I Remain in Darkness will be released on September 18th. With thanks to Fitzcarraldo Editions for the free copy for review.
The Pine Islands by Marion Poschmann (2017; English translation, 2018)
[Translated from the German by Jen Calleja]
(Though I read this mostly in July, I finished it on August 1st, so I’m including it in my WIT Month coverage. It’s the first of the author’s books to be made available in English.)
A man wakes up from a dream convinced that his wife is cheating on him, and sets off for Tokyo on a whim, where he embarks on a Bashō-inspired pilgrimage to the pine islands of Matsushima. This Gilbert Silvester, a beard historian, acquires an unlikely companion: a young man named Yosa, who’s looking for the best place to kill himself and takes Gilbert along to cliffs and forests famous for their suicide rates. Although there are still cherry blossoms and kabuki theatre, Gilbert soon learns that this isn’t Bashō’s Japan anymore.
From the haikus he composes and the letters he writes to Mathilda back home, we track his inward journey as it contrasts with the outward ones he undertakes.
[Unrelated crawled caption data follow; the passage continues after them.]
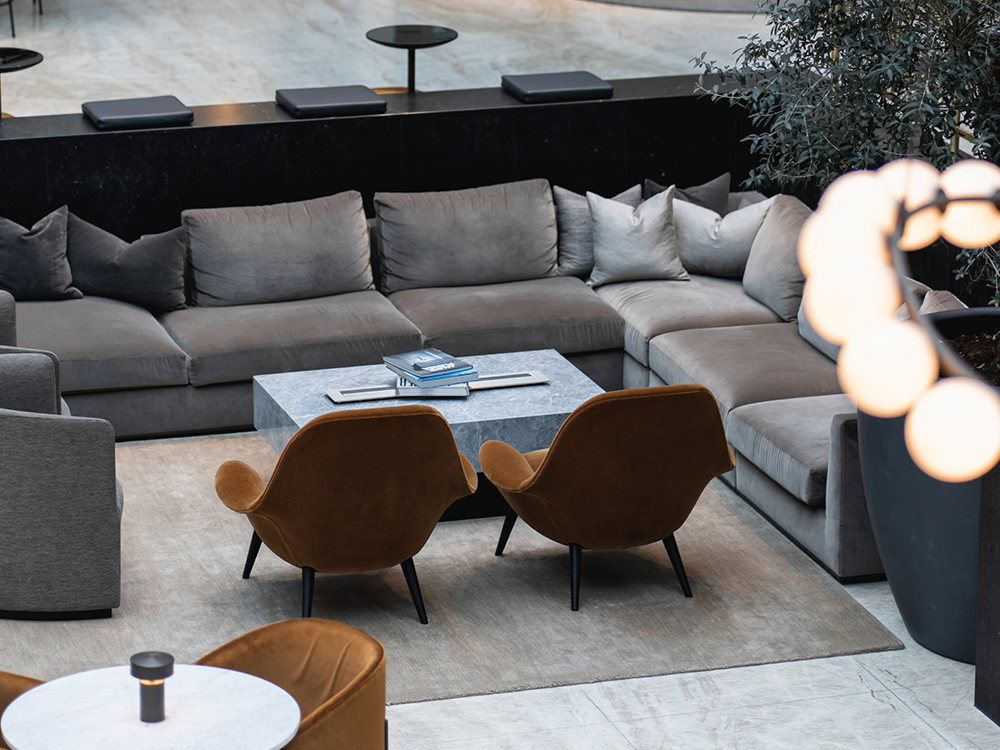 Modern Massimo Copenhagen living space with velvet sofa, armchairs, and luxury rug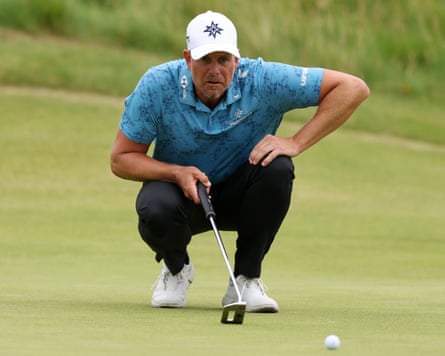 Henrik Stenson kneels to line up a putt on the 17th green during the third day of the Open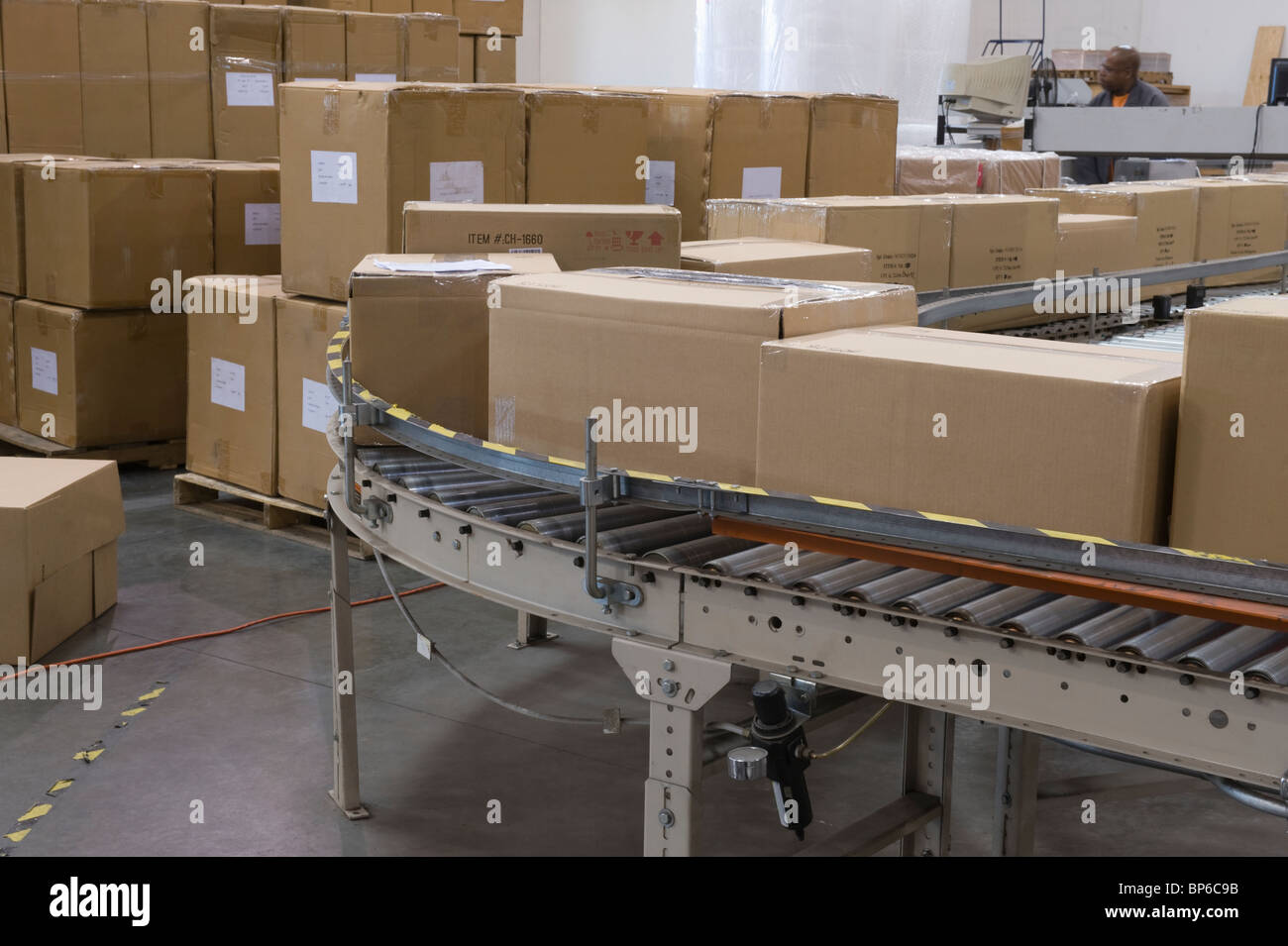Cardboard boxes on conveyor belt in distribution warehouse Stock Photo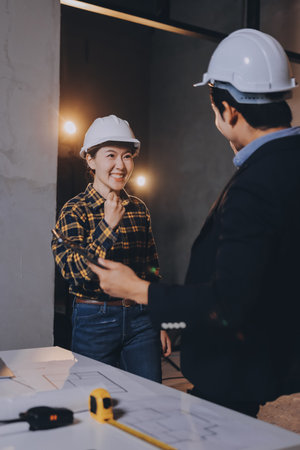 Construction manager and engineer dressed in orange work vests and hard helmets explore construction documentation on the building site near the steel framesの写真素材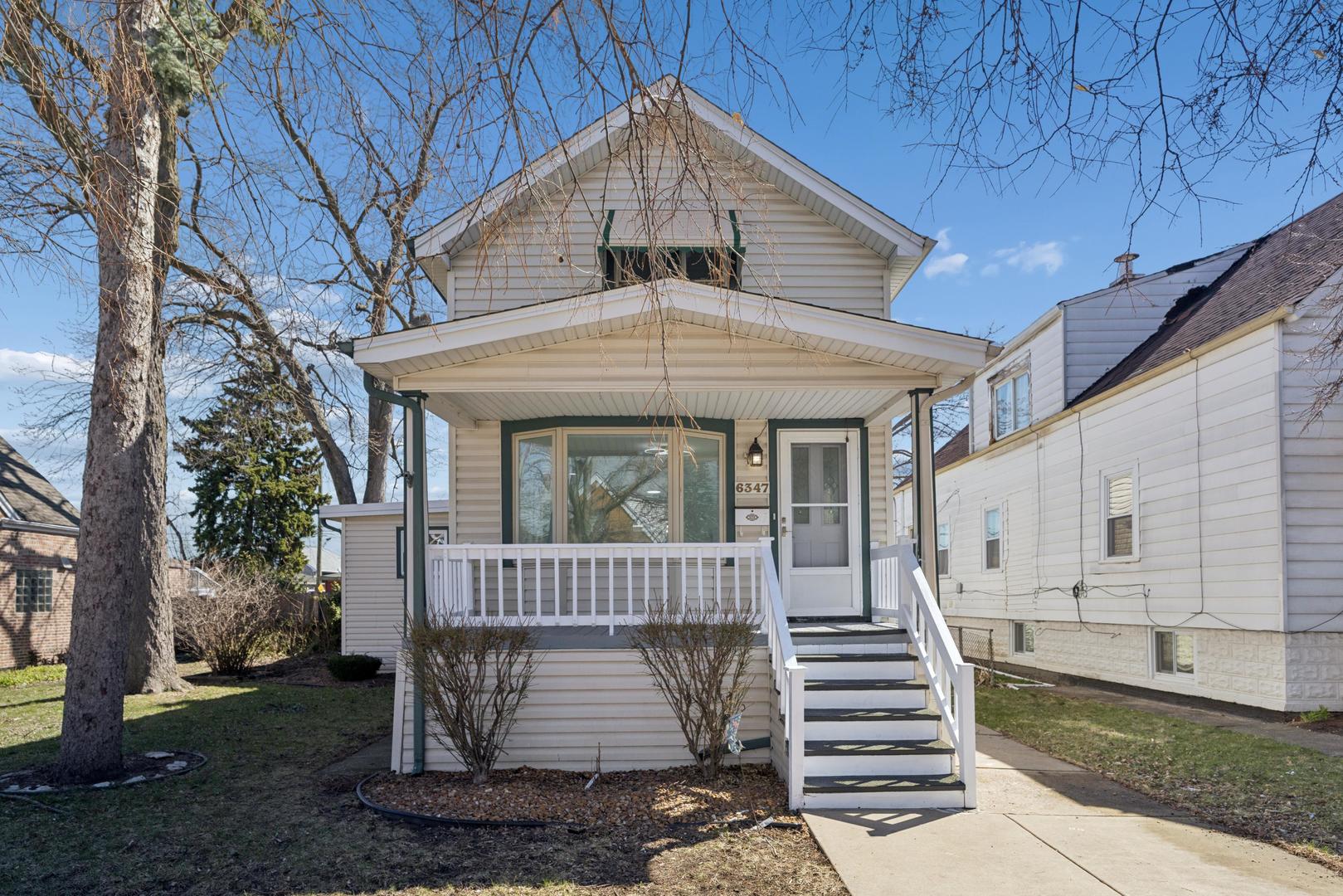 6347 South Kenneth Avenue Chicago, IL 60629 - Photo 40 of 40 a front view of a house with a yard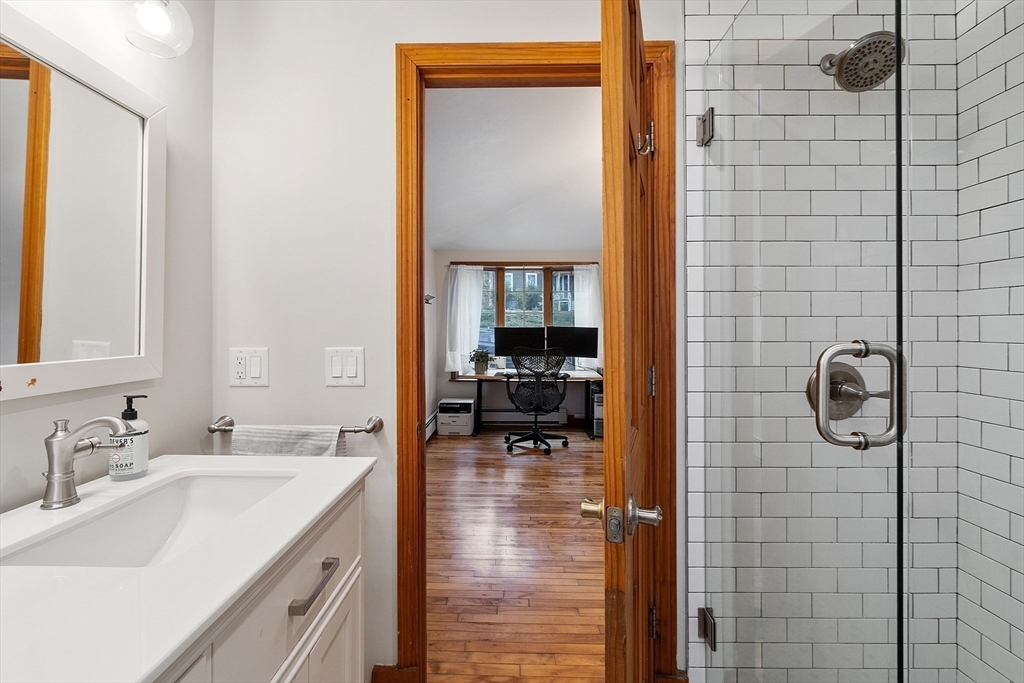24 Myrtle Avenue Wakefield, MA 01880 - Photo 28 of 39 a en suite bathroom with a sink and mirror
I enjoyed the surreal touches – Yosa says he once dated a woman who was actually a fox – and the Murakami setup (the wife’s adultery and the hair patterns are reminiscent of The Wind-Up Bird Chronicle).
Somehow, though, for me this is a book that succeeds more in its ideas (searching for the essence of a place but only finding the clichés; coniferous versus deciduous trees as a metaphor for what lasts in life versus what fades) than in its actual execution. It never all quite comes together, and the inconclusive ending makes you question how much of this has been a dream or a fantasy. It’s ambitious and intellectually impressive, but something about its dignified aloofness is hard to be enthusiastic about.
Do watch Lost in Translation, one of my favorite films, afterwards…
And a DNF: The Days of Abandonment by Elena Ferrante. The time has come to admit that I simply do not appreciate Ferrante’s work. I could only make it 25 pages into this one; I’ve read a different short novel of hers (The Lost Daughter), and skimmed another (My Brilliant Friend). While I enjoyed the narrator’s voice well enough, and loved the scene in which her errant husband finds broken glass in his dinner, I found that I had no interest in how this seemingly predictable story of the end of a marriage might play out.
Up next for Part II: The Wind that Lays Waste by Selva Almada, on its way from Charco Press, and The Awakening of Miss Prim by Natalia Sanmarin Fenollera.